SUMMARY: Ishmael describes the sorry state of existing whale scholarship, and goes on to describe every type of whale, from the gigantic sperm whale to the smallest porpoise. He breaks them into three categories based on sizes of books: folio, octavo, and duodecimo, from largest to smallest. After all that, he states that this too is inadequate, and only the barest foundation for what could follow.


The chapter starts off with Ishmael addressing the existing scholarship of whales. Rattling off a long list of authors, and noting how few of them have even seen a living whale. The problem is that the people who experience whaling are not writers. The rough and tumble crowd that generally crews whaling ships are not wont to sit down and write a book about it, except for a rare few like Scoresby or Beale. And they mostly write about the Greenland whale, which is the one that used to be the main target, before the creation of the modern sperm whale fishery.

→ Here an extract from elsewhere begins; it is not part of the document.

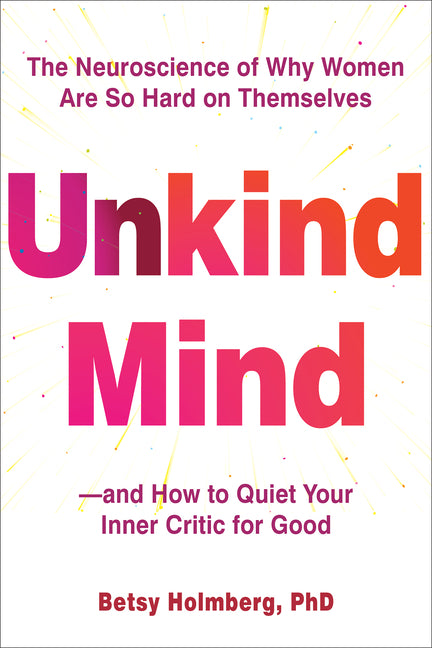 Unkind Mind: The Neuroscience of Why Women Are So Hard on Themselves--And How to Quiet Your Inner Critic for Good - Ingram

Ishmael finds all of their scholarship inadequate. Nobody has sat down and really put together a good comprehensive work about whales. So, he decides to do it himself! He wants to get this information out there, so he’s just going to do his best to organize all the information that he has available, as an old whaleman, about the various types of whales that exist in the world.

But it is a ponderous task; no ordinary letter-sorter in the Post-Office is equal to it. To grope down into the bottom of the sea after them; to have one’s hands among the unspeakable foundations, ribs, and very pelvis of the world; this is a fearful thing. What am I that I should essay to hook the nose of this leviathan!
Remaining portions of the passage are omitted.